Pemfigus berasal dari
kata yunani pemphix yang berarti
gelembung atau melepuh. Pemfigus menggambarkan sekelompok penyakit bulosa
kronis (Wichman dalam Muttaqin& Sari, 2011). Pemfigus adalah suatu gangguan
berlepuh autoimun yang jaringan terjadi akibat hilangnya integritas jembatan
antarsel normal di epidermis dan epitel mukosa. Sebagian besar pasien yang
terkena pemfigus berusia pertengahan atau lebih, dan perempuan dan
sertalaki-laki sama seringnya terkena (Robbins, 2007).
Pemfugis vulgaris
merupakan penyakit serius pada kulit yang ditandai oleh timbulnya bula (lepuh)
dengan berbagai ukuran pada kulit yang tampak normal dan membran mukosa
(Misalnya: mulut, vagina) (Muttaqin& Sari, 2011).Pemfigus vulgaris merupakan
tipe tersering mengenai mukosa dan kulit, terutama wajah, kulit kepala, ketiak,
lipat paha, badan, dan daerah yang mengalami tekanan. Lesi primer berupa
vesikel dan bula yang sangat superfisisal dan mudah pecah, meninggalkan erosi
dangkal yang ditutupi oleh seum kering dan krusta (Robbins, 2007).

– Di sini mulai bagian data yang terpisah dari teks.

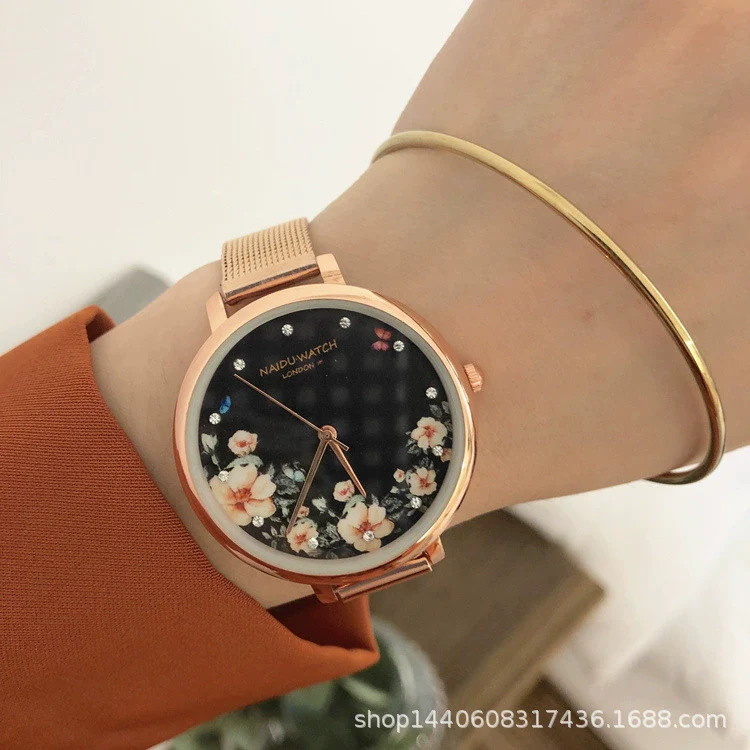 Wholesale Retro Fashion Simple Quartz Watch For Men And Women Silicone Case Imitation Leather Strap Round Dial - Image 8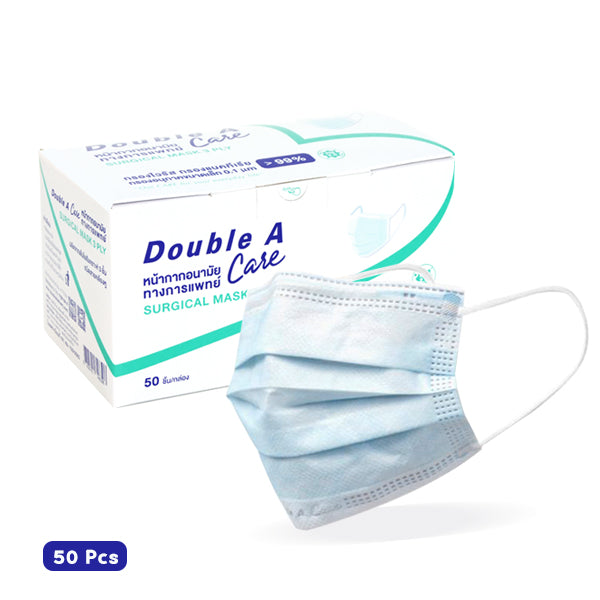 Double A Care Surgical Mask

Jadi pemfigus vulgaris adalah penyakit
autoimun berupa bula bersifat kronik yang dapat mengenai membran mukosa dan
kulit.
B. Anatomi
dan Fisiologi kulit
Kulit terdiri dari tiga
lapisan, yang masing-masing memiliki berbagai jenis sel dan memiliki fungsi
yang bermacam-macam. Ketiga lapisan kulit tersebut adalah epidermis, dermis,
subkutan (Muttaqin & Sari, 2011).
Gambar.
Wordpress.com
1. Epidermis
Epidermis merupakan struktur lapisan
kulit terluar. Sel-sel epidermis terus-menerus mengalami mitosis, dan berganti
dengan yang baru sekitar 30 hari. Epidermis mengandung reseptor-reseptor
sensorik untuk sentuhan getaran, dan nyeri.
2. Dermis
Dermis atau kutan (cutaneus) merupakan lapisan kulit dibawah epidermis yang membentuk
bagian terbesar kulit dengan memberikan kekuatan dan struktur kepada kulit.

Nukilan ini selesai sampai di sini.